Die Faszination des Neuen und die Arbeit mit Menschen
Was ihn am meisten begeistert? Zwei Dinge: „Das einmal meinen Kopf begeistert, die Möglichkeiten zu entdecken, was es Neues gibt.“ Aktuell sei das natürlich KI. Es sei faszinierend zu sehen, was KI kann und was sie mit uns macht, aber auch, wie wir damit umgehen. „Wir fangen an, wieder so ganz banale Dinge zu digitalisieren, die überhaupt nicht digitalisiert werden müssten.“
Die andere Seite sei die Arbeit mit Menschen. „Als Redner ist es einfach so lohnend, so bereichernd auf einer Bühne stehen zu können und mit ein paar hundert Menschen über die Zukunft zu sprechen.“ Die Zweifel zu spüren und auszusprechen, die Freude, die Begeisterung, die Neugierde – „Das Menschsein, das ist für mich wirklich sehr, sehr schön.“
Unorthodoxe Lösungen und Pragmatismus: Ein Projektbeispiel
Sein spannendstes Projekt sei nicht ein einzelnes, sondern die Freude daran, „wenn wir unorthodoxe Lösungen finden.“ Er nennt das Beispiel eines Mittelständlers mit 10.000 Mitarbeitern, der Generatoren baut. Das Unternehmen hatte ein organisatorisches Problem: Sie wollten digital arbeiten, aber ihr Einkaufsprozess für die Produktion war zu starr für agile Projekte.
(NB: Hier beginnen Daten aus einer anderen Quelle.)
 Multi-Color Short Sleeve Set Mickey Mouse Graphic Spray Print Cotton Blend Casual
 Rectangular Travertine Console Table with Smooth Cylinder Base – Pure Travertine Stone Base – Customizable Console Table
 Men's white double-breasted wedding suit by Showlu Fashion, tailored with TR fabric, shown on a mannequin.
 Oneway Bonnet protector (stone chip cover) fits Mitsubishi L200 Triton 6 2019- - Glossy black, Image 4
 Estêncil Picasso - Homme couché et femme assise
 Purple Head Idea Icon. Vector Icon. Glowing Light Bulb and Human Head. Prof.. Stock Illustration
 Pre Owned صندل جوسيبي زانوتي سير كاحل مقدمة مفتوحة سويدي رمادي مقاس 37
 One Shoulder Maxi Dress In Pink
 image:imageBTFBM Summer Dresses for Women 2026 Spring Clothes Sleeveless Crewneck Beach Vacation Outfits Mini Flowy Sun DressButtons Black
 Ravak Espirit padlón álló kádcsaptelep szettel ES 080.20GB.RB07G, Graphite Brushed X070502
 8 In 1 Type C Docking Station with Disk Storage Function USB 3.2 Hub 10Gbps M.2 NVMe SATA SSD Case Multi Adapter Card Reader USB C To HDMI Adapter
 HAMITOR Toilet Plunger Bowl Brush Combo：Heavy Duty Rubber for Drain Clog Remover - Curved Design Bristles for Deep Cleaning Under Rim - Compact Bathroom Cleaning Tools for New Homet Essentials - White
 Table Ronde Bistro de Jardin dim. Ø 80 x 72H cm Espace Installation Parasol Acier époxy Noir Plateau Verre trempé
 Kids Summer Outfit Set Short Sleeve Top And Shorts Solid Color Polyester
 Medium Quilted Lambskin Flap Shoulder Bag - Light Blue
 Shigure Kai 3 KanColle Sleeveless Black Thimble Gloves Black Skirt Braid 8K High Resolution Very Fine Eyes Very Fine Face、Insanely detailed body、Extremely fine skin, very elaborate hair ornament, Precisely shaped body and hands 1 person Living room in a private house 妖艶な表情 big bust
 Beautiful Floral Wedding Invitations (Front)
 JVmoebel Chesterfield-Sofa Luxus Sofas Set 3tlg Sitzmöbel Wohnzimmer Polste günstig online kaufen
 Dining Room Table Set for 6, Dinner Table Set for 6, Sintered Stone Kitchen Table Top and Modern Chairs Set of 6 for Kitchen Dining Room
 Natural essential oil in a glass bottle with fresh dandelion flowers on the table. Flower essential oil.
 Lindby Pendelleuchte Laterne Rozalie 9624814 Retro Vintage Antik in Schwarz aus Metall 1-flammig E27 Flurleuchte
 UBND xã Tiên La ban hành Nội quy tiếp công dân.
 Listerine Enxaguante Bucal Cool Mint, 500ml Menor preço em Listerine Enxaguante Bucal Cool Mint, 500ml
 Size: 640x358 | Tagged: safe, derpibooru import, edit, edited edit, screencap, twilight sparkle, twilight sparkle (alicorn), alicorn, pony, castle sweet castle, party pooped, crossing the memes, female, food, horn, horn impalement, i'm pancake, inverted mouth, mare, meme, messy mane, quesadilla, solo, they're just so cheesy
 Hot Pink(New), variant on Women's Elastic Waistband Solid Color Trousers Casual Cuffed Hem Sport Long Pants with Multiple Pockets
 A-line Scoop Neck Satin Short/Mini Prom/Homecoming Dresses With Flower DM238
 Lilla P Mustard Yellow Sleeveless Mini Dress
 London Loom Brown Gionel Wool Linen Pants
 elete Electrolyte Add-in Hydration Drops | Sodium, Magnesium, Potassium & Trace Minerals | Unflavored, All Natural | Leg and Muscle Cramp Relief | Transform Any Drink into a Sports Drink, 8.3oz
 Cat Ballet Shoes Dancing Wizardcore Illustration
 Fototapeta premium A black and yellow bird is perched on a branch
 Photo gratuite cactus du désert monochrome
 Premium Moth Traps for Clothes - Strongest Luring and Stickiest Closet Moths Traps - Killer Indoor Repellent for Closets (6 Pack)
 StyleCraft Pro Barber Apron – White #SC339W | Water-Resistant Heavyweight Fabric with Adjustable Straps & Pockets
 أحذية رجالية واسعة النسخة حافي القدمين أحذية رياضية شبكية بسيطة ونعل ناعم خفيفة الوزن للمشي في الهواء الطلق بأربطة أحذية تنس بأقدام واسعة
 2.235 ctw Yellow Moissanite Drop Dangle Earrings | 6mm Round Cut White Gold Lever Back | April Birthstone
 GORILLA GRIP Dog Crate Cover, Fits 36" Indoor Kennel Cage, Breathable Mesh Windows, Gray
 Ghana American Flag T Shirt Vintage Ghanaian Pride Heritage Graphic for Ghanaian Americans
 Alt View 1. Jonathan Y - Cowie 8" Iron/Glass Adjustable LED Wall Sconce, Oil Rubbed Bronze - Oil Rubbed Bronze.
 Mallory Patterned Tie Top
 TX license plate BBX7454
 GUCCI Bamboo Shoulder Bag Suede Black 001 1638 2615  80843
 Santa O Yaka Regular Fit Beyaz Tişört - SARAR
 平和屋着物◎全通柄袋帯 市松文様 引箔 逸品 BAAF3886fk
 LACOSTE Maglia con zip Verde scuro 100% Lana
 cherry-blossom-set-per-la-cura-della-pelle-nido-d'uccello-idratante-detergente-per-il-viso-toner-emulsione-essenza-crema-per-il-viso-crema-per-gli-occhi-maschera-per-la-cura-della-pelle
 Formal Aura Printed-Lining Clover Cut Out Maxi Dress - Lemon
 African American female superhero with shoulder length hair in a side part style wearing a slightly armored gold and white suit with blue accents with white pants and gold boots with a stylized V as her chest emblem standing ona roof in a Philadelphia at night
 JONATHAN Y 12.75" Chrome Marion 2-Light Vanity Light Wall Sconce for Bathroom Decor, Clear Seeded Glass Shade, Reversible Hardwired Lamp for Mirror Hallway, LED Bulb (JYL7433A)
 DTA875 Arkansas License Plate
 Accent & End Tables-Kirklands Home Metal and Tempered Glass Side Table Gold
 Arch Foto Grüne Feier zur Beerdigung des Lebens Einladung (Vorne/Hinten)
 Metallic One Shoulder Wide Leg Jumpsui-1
„Ich bin sehr stolz darauf, wie wir das gelöst haben, weil wir eben nicht gesagt haben, so wir jetzt setzen uns alle an einen Tisch, sondern wir haben mit allen einzelnen Stakeholdern gesprochen“, erzählt Atiker. Mit Projektleitern, Bereichsverantwortlichen, dem Einkauf, der Rechtsabteilung. Jeder konnte klar sagen, was ihm wichtig war. „Und am Ende haben wir eine Lösung gefunden, die sehr pragmatisch war.“ Man habe auf ein mögliches Einsparpotenzial verzichtet, aber so viel an Schnelligkeit, Qualität und Marktbereitschaft gewonnen, dass der Vorteil überwog. „Ein bisschen Pragmatismus und ein bisschen Menschlichkeit macht Projekte also richtig spannend.“
Ein prägender Satz: Den Kunden das Geben von Geld erleichtern
Ein Zitat, das seinen Weg geprägt hat, sei ein Satz seines Vaters: „Mach es deinen Kunden leicht, dir Geld zu geben.“ Atiker, der sein Diplom über Usability schrieb, betont, wie oft das vergessen werde. „Firmen machen irgendwas und sie drehen sich immer um den eigenen Bauchnabel dieses System und jener Prozess.“ Man sollte sich vielmehr nach außen richten und schauen, wie man es den Kunden leicht und angenehm macht, mit einem zu arbeiten. Er zitiert Nils Pfleging: „Wir brauchen keine Pyramidenorganisation, sondern einen Pfirsich.“ Der Pfirsich habe innen den harten Kern, um den Laden am Laufen zu halten, aber außen sei er samtig, weich und saftig – dort, wo die Interaktion mit dem Kunden stattfindet.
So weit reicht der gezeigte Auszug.